Juan Melgar
Está derramándose la tarde sobre el puerto, pero el sol no se oculta aún tras los cerros por Los Filos, por San Juan de la Costa y más allá. Sobre nuestras cabezas las aves son líneas que cruzan presurosas los espacios de la ciudad, entretejiéndonosla, dibujándonosla con el trazo efímero de su vuelo, antes que la luz se esconda. Son disparos, policromas balas trazadoras que zumban de un mezquite a una benjamina, al zapote, al eucalipto, a la enorme parota que sombrea la vieja casona en la Esquerro y se entrecruzan –sin jamás chocar-- sobre los techos y las calles y los baldíos-tierradenadie del mapa urbano porteño.
Los gorriones de pechuga encarnada evolucionan en tan ingrávidas como festivas ceremonias de apareamiento; calandrias negroamarillas jalonean las necesarias fibras rubias que penden de las hojas de palma, para con ellas tejer su nido en el envés de aquellos gráciles y verdes abanicos. Hay pájaros carpintero que intentan con sus picos acerados los postreros y algo desganados golpeteos del día sobre las ásperas cortezas de los tamarindos y los mangos, en lo que se antoja una tal vez mentirosa búsqueda de gusanos. (Es el solo de percusiones lo que parecería interesarles). Torcacitas de aleteo terso pasan rasantes a un palmo del suelo para frenar y posarse con maestría y sin ruido en los gastados ladrillos de la barda de aquel solar vecino, abandonado a la incuria y a la especulación predial. El colibrí-chuparrosa mantiene su levedad en equilibrio frente a las blancas copas que son flor del jacalosucho lo que dura el canto dolorido de la pitayera paloma, que brota desde el centro mismo del denso ramajo de la vinorama. Revoloteando la copa de un frondoso guamúchil centenario, la aguililla lanza al universo su chillido retador de rapaz sin falla, mientras desde y sobre la punta de El Mogote (todavía nuestro, apenas ayer), un cenizo grupo de auras da unos ya cansados aletazos vespertinos en busca de refugio, hacia las estilizadas palmas que quedan de lo que fue la huerta del Cocol.
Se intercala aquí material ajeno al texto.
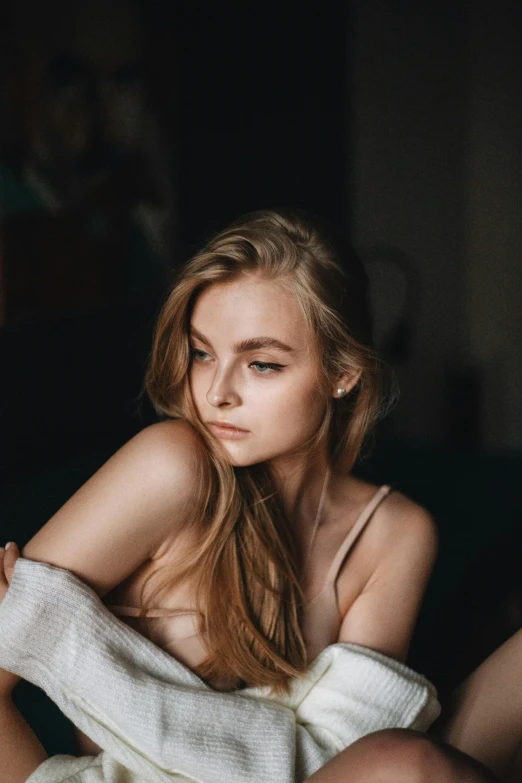 a little girl laying in a white blanket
Alas sobre una ciudad que las ignora porque apenas las nota. ¿Quién tiene conciencia que respira? Conforme el sol desciende y las infaltables nubes del ocaso jalan para sí los colores que restan, el solitario, tal vez viudo gavilán pescador abandona sus divisaderos que son querencia en el cerro de la Calavera y navega los espacios maleconeros con estudiada displicencia, para hacer rumbo luego por la Bravo en busca de su nocturna percha, sobre la torre más alta de Telmex.
Queda sólo un breve punto luminoso en los cerros cuando cruza la ciudad de suroeste a noreste la V puntiaguda de la rezagada, última bandada de cormoranes proveniente de Migriño, Pescadero, San Pedrito y Los Lobos, en el Pacífico, donde hoy bucearon todo el santo día y se hartaron de sardinas. Van a dormir arracimados y bullidores sobre cálidas piedras en los farallones de las islas del golfo; cruzarán de nuevo esta bahía rumbo al océano al amanecer, como lo han hecho desde hace miles de años, desde cuando estos territorios y sus islas eran guaycuras, eran aripas, eran quizá también pericúes; sitios entonces mostrencos e innominados para románicos códigos y para europeas cartografías.
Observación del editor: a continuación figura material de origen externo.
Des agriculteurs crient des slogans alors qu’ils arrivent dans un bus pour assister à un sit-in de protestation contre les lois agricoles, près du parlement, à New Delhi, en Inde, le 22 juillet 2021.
Las sombras han caído ya sobre la ciudad. Los gorriones y otras aves diurnas se acomodaron ruidosos en el follaje de los más grandes laureles de la India y ora permanecen quietos. El cielo ha empezado a pertenecer ya a los nocturnos tapacaminos que lo patrullan con errático vuelo; la comba será ahora de los murciélagos que han abandonado sus escondidas y elevadas madrigueras para --al vuelo-- devorar insectos mediante acrobáticas piruetas e imposibles arabescos; el aire va a ser de las lechuzas y tecolotes que en competencia con caseros felinos buscan con ojo experto a descuidados roedores en los baldíos, en los callejones…
Más arriba, los tres planetas de siempre presiden la bóveda celeste sin luna todavía, junto a la Osa Mayor y las Cabrillas y las demás constelaciones cuyos nombres siempre hemos ignorado. Como suspiros veremos pasar por el arco inmutable los brillantes satélites puestos en órbita por naciones poderosas que –inquisitivas y metiches— vigilan sin paranoico permiso nuestro quehacer y aun nuestro no hacer, cuando la amarilla luna de este junio hace su entrada al escenario estelar por los rumbos del cerro Atravesado. Un tecolote canta lúgubre en el palmar de anca’ los Abaroa. Es hora de dejarles La Paz a las nocturnas rapaces. Es momento de abandonar el observatorio e irnos a dormir, a gusto, como si lo mereciésemos.